_TASK REQUIREMENTS_: Reply with exactly the lines from the one that contains "Poster global management" through the last line of the records below, and with no other lines.

AVAILABLE RECORDS START

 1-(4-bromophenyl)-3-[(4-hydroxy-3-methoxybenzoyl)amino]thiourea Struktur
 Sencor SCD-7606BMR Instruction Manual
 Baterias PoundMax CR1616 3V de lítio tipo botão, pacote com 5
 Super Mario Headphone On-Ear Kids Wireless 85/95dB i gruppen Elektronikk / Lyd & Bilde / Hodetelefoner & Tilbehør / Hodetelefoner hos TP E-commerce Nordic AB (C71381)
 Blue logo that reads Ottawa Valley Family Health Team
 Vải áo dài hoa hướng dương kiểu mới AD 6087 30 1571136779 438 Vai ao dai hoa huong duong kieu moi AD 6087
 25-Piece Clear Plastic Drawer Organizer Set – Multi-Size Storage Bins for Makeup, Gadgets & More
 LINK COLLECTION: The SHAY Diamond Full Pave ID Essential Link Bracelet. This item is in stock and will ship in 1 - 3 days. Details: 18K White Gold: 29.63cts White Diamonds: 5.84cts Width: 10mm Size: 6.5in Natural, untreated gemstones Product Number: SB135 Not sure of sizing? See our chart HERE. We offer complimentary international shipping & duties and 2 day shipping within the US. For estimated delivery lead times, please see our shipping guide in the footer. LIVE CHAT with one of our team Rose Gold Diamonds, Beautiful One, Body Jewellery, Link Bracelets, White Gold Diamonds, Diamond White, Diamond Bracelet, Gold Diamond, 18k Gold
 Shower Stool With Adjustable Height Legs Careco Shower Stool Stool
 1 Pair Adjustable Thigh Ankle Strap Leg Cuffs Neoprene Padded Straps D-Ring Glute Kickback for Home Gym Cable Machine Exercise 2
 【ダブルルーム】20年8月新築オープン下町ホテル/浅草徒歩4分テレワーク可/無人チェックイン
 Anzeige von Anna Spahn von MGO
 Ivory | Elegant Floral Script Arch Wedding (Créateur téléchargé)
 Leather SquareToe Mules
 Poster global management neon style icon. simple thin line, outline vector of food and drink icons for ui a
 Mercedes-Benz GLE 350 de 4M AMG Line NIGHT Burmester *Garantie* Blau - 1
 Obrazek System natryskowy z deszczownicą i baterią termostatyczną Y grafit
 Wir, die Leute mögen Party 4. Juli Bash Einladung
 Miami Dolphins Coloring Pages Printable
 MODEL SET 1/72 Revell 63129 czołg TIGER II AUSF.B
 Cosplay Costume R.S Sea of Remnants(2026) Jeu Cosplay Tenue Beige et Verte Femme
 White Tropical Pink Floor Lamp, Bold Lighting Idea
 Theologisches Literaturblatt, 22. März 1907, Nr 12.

AVAILABLE RECORDS END

_TASK RESULT_:
 Poster global management neon style icon. simple thin line, outline vector of food and drink icons for ui a
 Mercedes-Benz GLE 350 de 4M AMG Line NIGHT Burmester *Garantie* Blau - 1
 Obrazek System natryskowy z deszczownicą i baterią termostatyczną Y grafit
 Wir, die Leute mögen Party 4. Juli Bash Einladung
 Miami Dolphins Coloring Pages Printable
 MODEL SET 1/72 Revell 63129 czołg TIGER II AUSF.B
 Cosplay Costume R.S Sea of Remnants(2026) Jeu Cosplay Tenue Beige et Verte Femme
 White Tropical Pink Floor Lamp, Bold Lighting Idea
 Theologisches Literaturblatt, 22. März 1907, Nr 12.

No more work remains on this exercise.